_Material for this exercise_
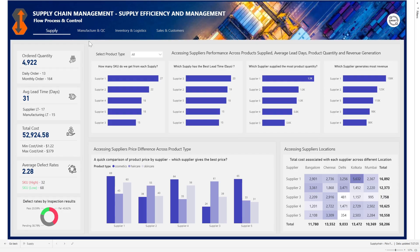This is the first page of my report — Supply Chain Management: Supply Efficiency and Management. The flow process and control — this is the page navigator. We're currently on the supply page. We can go to Manufacture and Quality Control, we have Inventory and Logistics, and Sales and Customers. The KPIs we're currently tracking for supply are the ordered quantity and the average lead time in days.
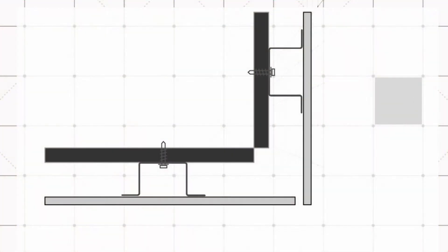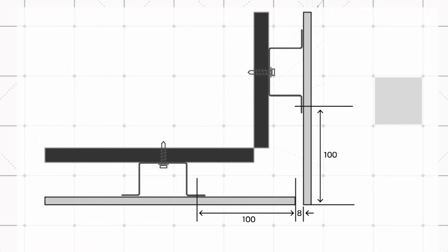At external wall corners, panels can be fixed up to 100mm from the vertical edge of the panel. When fastening the panel 100mm from the panel edge, fix the centre of one top hat around 92mm from the wall corner, with the adjacent corner top hat being fixed 76mm from the wall corner.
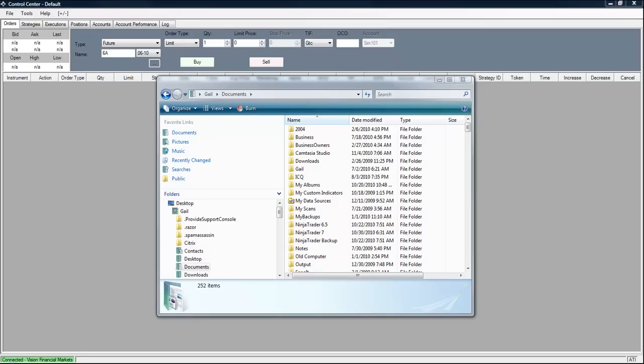Welcome to the Traders Help Desk Online Video Collection. In this video I am going to show you how to save the template to the NinjaTrader template folder and then I'm going to show you how to load the Market Analyzer template that we have created.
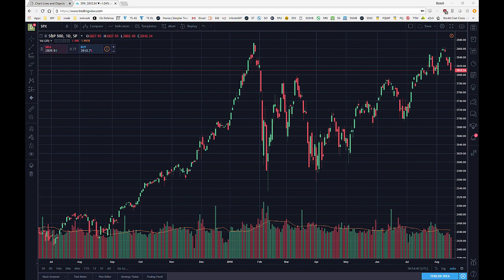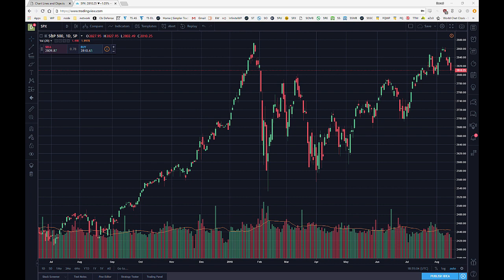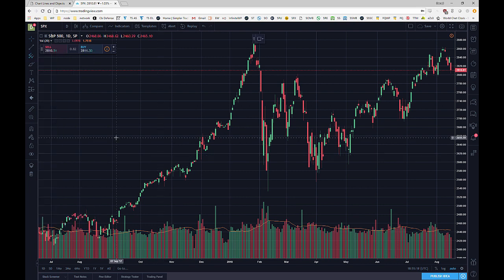In the TradingView platform you will see a little box on the left hand side. This is going to be where you can access all of your charting tools. Since this is just focusing on Fibonacci retracements and extensions we are going to ignore everything except the third icon down, which by default looks like a little pitchfork.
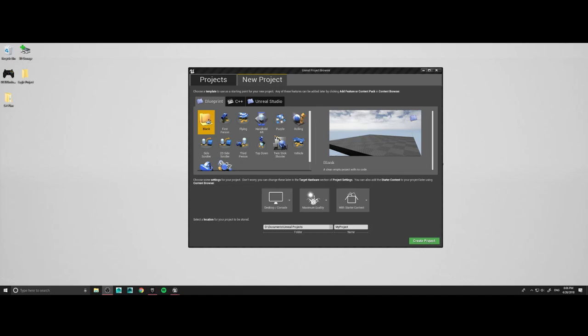Hey everybody, how you all doing? It's Jesse. We are going to be making a jump pad from Fortnite tonight. This is going to be really cool and super exciting. So let's jump right into it.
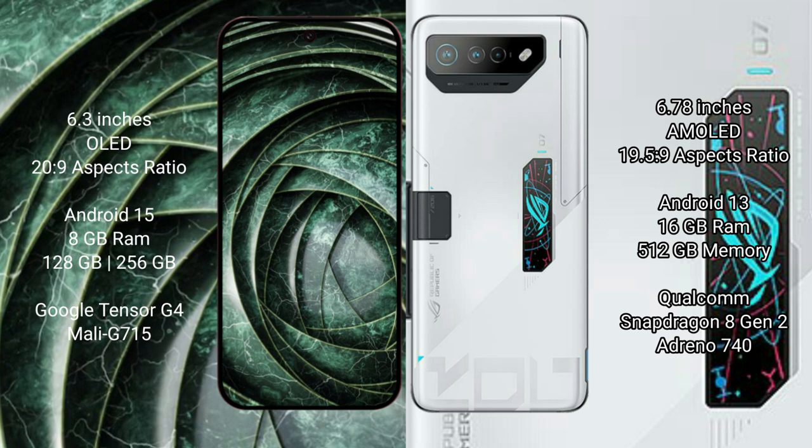The Google Pixel 9a runs on the Android 15 operating system, while the ASUS ROG Phone 7 Ultimate runs on Android 13. The Google Pixel 9a comes with 8GB RAM and 128GB or 256GB or 512GB internal storage.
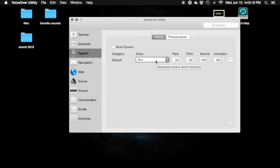Spinning beach ball — you know what that means. Ava: 'The best way to predict the future is to invent it.' That's Ava. Ava: 'The best way to predict the future is to invent it.' Divider. VoiceOver utility ready.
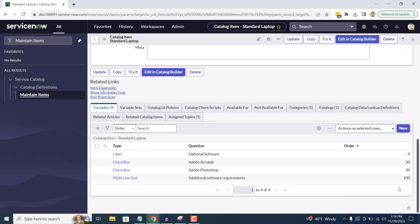Scroll down to the bottom of the catalog item and you can see that there is a Variables related list. From here, you can see all the variables that have been added to this catalog item. From the list view, you can see the variable type, the question, and the order for each variable.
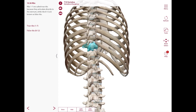The 11th and 12th ribs are definitely atypical. Each has a single articular facet on its head — rib 11 articulates only with T11 and rib 12 articulates only with T12. They have no tubercles, so they do not articulate with the transverse processes of T11 or T12.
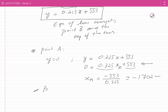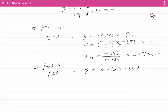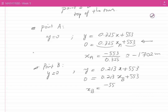Similarly, at point B, y is equal to 0 as well. Point B lies on the line y = 0.213x + 553. Substituting y = 0 and solving for xB, we get xB = −553 / 0.213, which is approximately −2,596 meters.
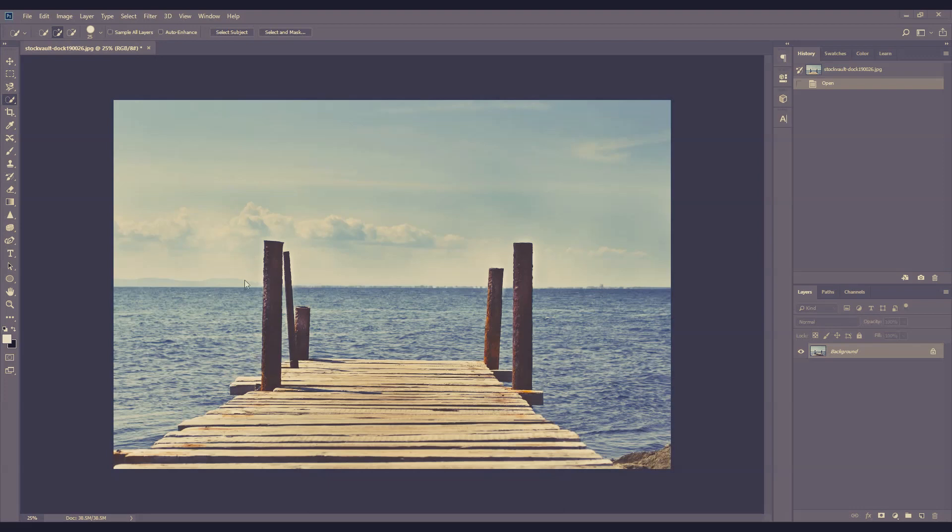In this case, I'm going to remove this pillar from the stock image. Alright, let's get started.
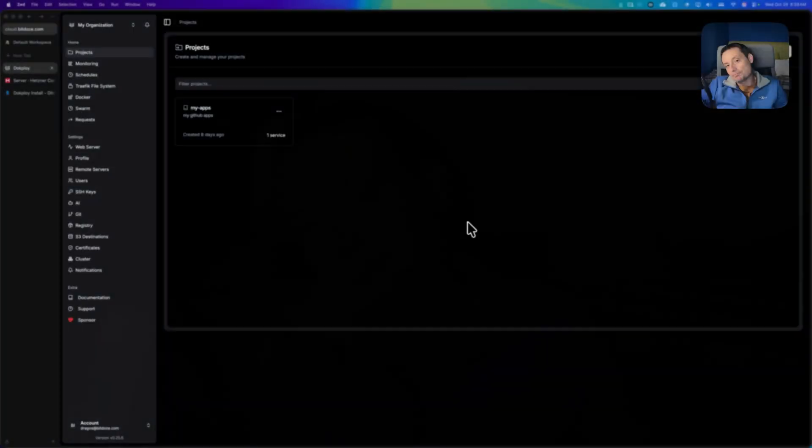You may want to do that because maybe you don't want to have everything in the same VPS. For instance, if you have monitoring applications that you want to use to monitor the main VPS server, you don't want to have them on the same server in case it crashes. Also, if one server gets DDoSed, you don't want to crash all your applications.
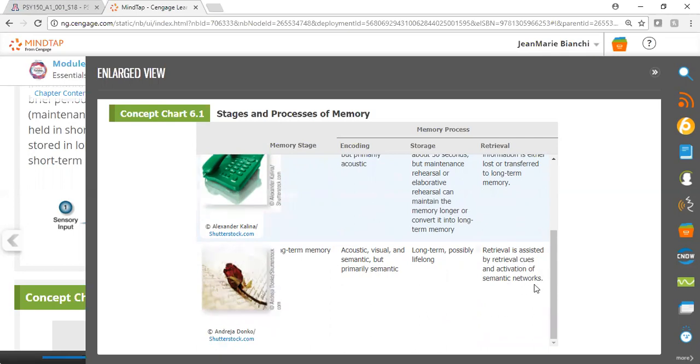The activation of semantic networks means that when we think of one concept, it may allow us to think of other related concepts.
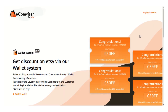Hello friends, welcome to the video tutorial of e-convazor for Etsy. Today in this video I am going to demonstrate the wallet system app, using which you as a seller on Etsy can offer discounts to your customers through the wallet system. With this app you can have all your Etsy orders fetched in the app, and all the customers related to those orders will be listed in the customer section. Let's see how it works.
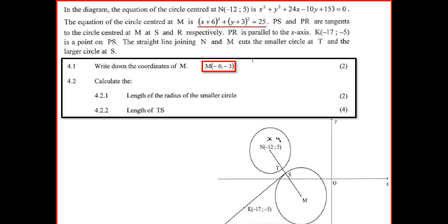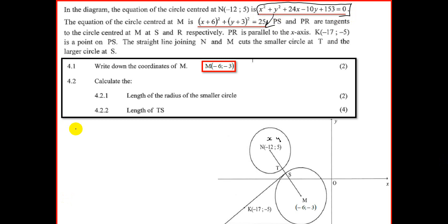The next question is to find the length of the radius of the small circle. We have the equation of the small circle — x² + y² + 24x − 10y + 153 = 0. It's not in the standard form (x − a)² + (y − b)² = r², so our first challenge is to bring it into standard form, just like (x + 6)² + (y + 3)² = 25. We bring the x's together: x² and 24x; the y's together: y² minus 10y; and take the constant to the other side, giving minus 153.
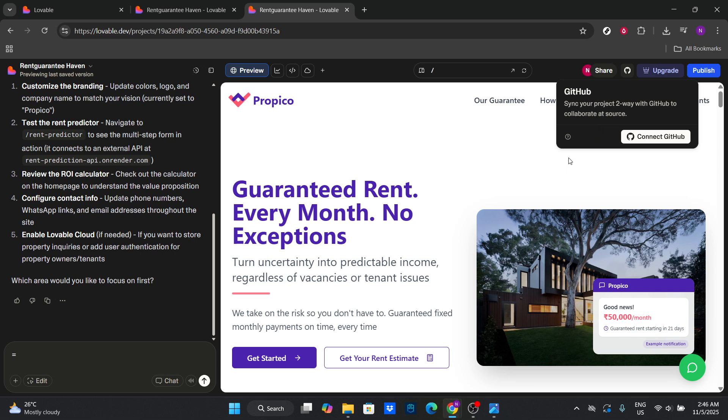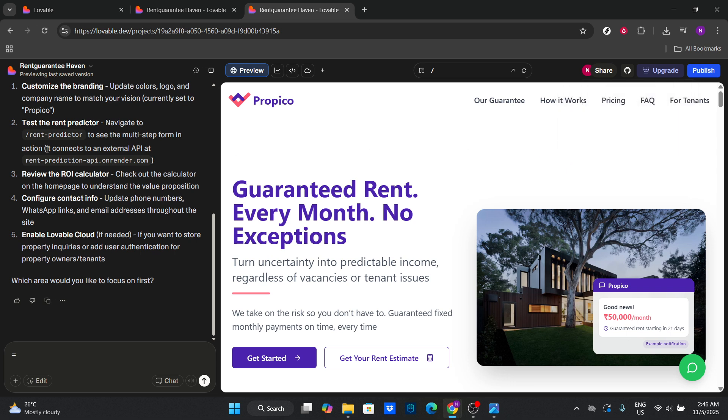Lovable even offers AI-powered suggestions to enhance your project, like adding a login form or a pricing section. It's intuitive and user-friendly, perfect for both beginners and experienced developers.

_Exercise directions_
Your answer must be the lines from the one containing "Hello friends, welcome" through the last line of the records, both included, written out exactly and without pictures.

_Solution to the exercise_
Hello friends, welcome to the video tutorial of e-convazor for Etsy. Today in this video I am going to demonstrate the wallet system app, using which you as a seller on Etsy can offer discounts to your customers through the wallet system. With this app you can have all your Etsy orders fetched in the app, and all the customers related to those orders will be listed in the customer section. Let's see how it works.
The next question is to find the length of the radius of the small circle. We have the equation of the small circle — x² + y² + 24x − 10y + 153 = 0. It's not in the standard form (x − a)² + (y − b)² = r², so our first challenge is to bring it into standard form, just like (x + 6)² + (y + 3)² = 25. We bring the x's together: x² and 24x; the y's together: y² minus 10y; and take the constant to the other side, giving minus 153.
Lovable even offers AI-powered suggestions to enhance your project, like adding a login form or a pricing section. It's intuitive and user-friendly, perfect for both beginners and experienced developers.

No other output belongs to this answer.